The director, the third woman to win the top prize at Cannes, further noted that she was very interested in film justice: “The process is a place where we are excited about people’s lives, where the discourse is distorted. It is the place where fiction begins”. The premiere is scheduled for August in France.

The filmmaker who listens to women

In just four films and as many portraits of women, director Justine Triet has made a name for herself in the cinema of her country. Born on July 17, 1978 in Fécamp, Justine Triet grew up in Paris. “My mother had a rather complicated life, she worked and raised three children, two of whom were not hers. My father was very absent”, he recalled for the AFP.

In 2007 he made his first documentary, southern place, about student demonstrations in France. But it was The Battle of Solferino which caused a furore in Cannes in 2013, when it was programmed in a parallel selection of the festival.
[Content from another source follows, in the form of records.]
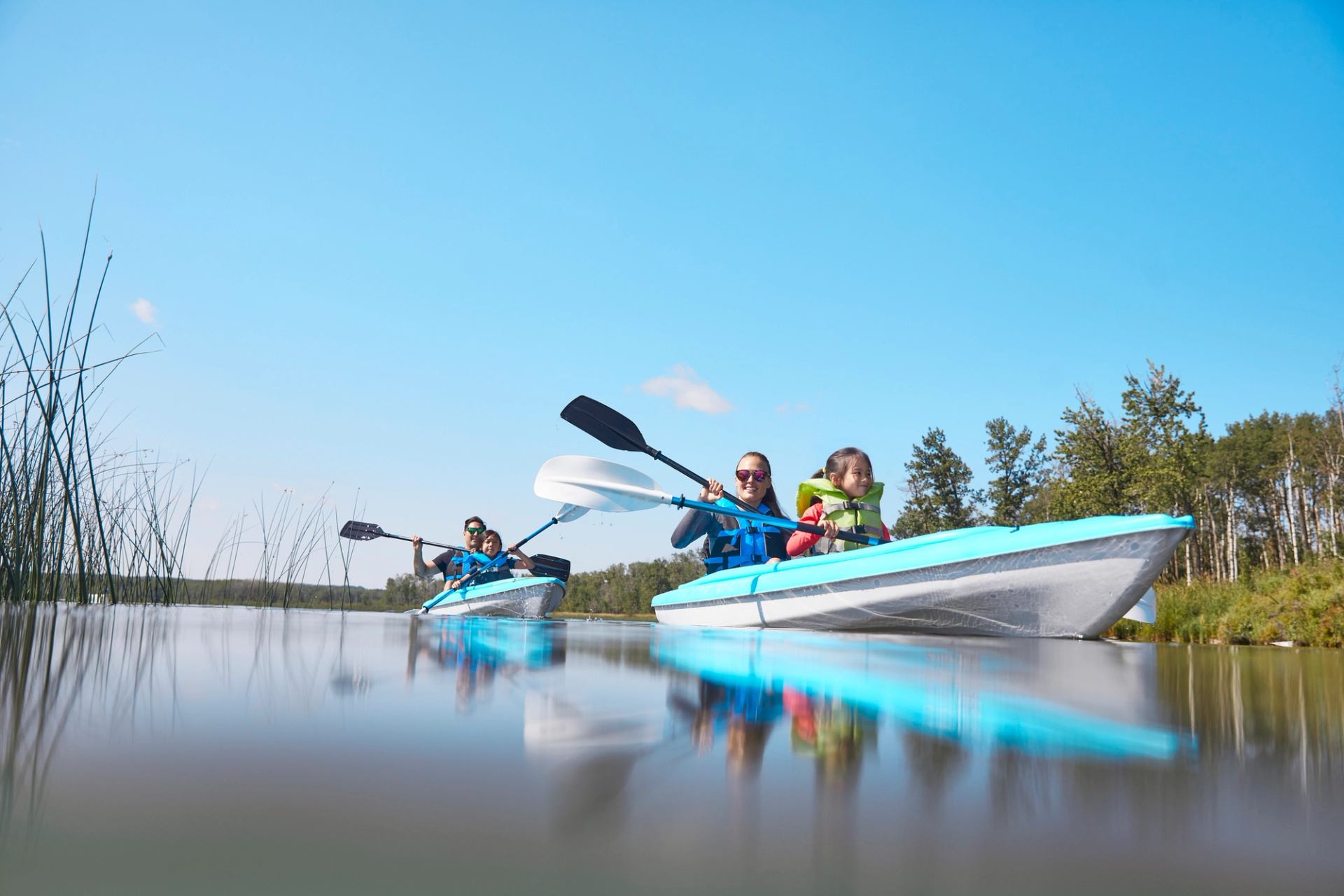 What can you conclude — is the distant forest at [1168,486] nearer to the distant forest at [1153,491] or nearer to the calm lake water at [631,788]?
the distant forest at [1153,491]

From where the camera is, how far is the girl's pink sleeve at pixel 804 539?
8102 millimetres

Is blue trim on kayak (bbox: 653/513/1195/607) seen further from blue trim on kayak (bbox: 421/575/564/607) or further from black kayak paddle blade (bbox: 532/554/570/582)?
black kayak paddle blade (bbox: 532/554/570/582)

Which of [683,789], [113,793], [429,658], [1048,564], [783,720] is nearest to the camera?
[113,793]

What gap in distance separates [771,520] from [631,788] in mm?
7178

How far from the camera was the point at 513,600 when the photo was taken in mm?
14242

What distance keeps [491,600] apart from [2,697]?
13.8 metres

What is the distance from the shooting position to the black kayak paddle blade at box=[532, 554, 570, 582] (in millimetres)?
16000

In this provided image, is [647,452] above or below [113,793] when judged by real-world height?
above

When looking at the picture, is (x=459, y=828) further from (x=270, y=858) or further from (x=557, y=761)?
(x=557, y=761)

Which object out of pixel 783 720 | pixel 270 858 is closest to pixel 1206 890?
pixel 270 858

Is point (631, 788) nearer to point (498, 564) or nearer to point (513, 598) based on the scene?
point (513, 598)

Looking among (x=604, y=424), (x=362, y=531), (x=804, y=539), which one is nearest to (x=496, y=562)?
(x=362, y=531)

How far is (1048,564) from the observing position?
5949 millimetres

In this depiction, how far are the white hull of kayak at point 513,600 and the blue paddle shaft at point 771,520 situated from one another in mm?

A year later, this film, shot in the middle of the crowd on the day of the second round of the French presidential election, was It was nominated for the 2014 César French Film Awards in the Best Film category..

Addicted to television series, the director sees her reputation established with the film Victoria’s cases (2016), which drew nearly 700,000 viewers in France. It premiered in 2019 Sibyl’s reflection.

Although he claims to be “instinctive”, his cinema, which leaves nothing to chance, is very reflective“many question the relationships between men and women, which are central to our lives.”

Cinema should contribute “to the feminist social revolution,” he says. “For a long time, when I watched movies, I thought I was the boy, I identified with the male role,” in the absence of strong female roles.

“We need stories made by women, directed by women, judged by women. We are still a long way from equality.”.